## Dataset section
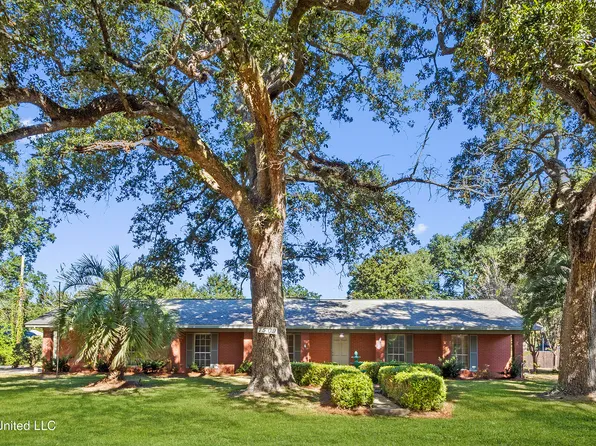 1509 E 2nd St, Pass Christian, MS 39571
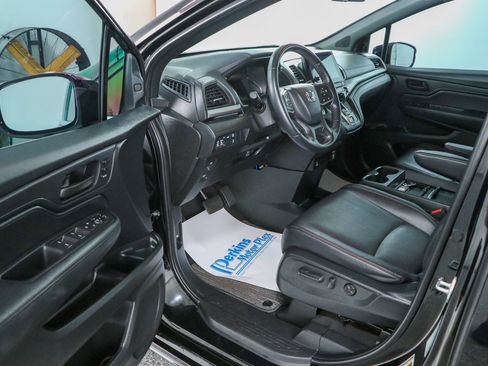 Used 2023 Honda Odyssey Sport image 3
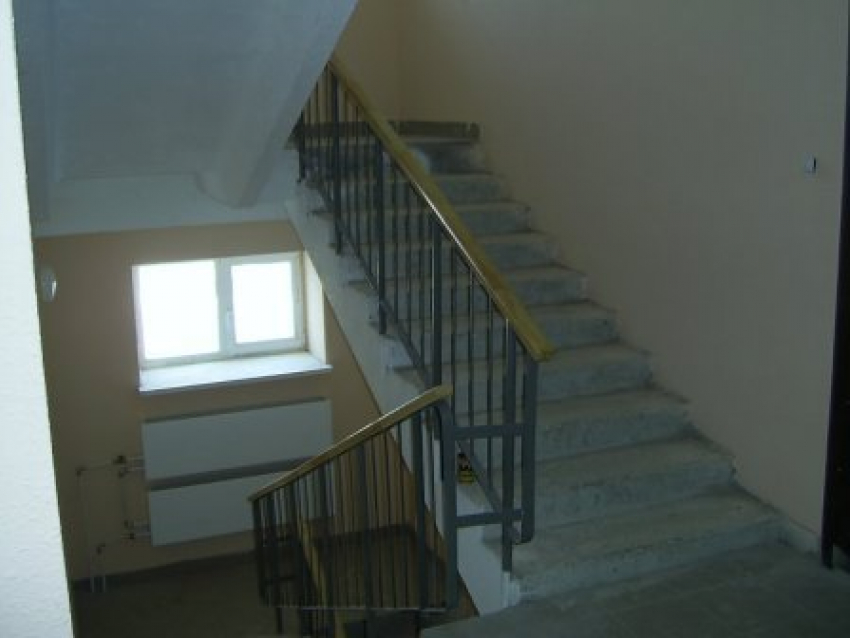 В Воронеже парень до смерти избил собутыльника в подъезде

## Work task
Exclude the images and output the lines above exactly.

## Output for this exercise
 1509 E 2nd St, Pass Christian, MS 39571
 Used 2023 Honda Odyssey Sport image 3
 В Воронеже парень до смерти избил собутыльника в подъезде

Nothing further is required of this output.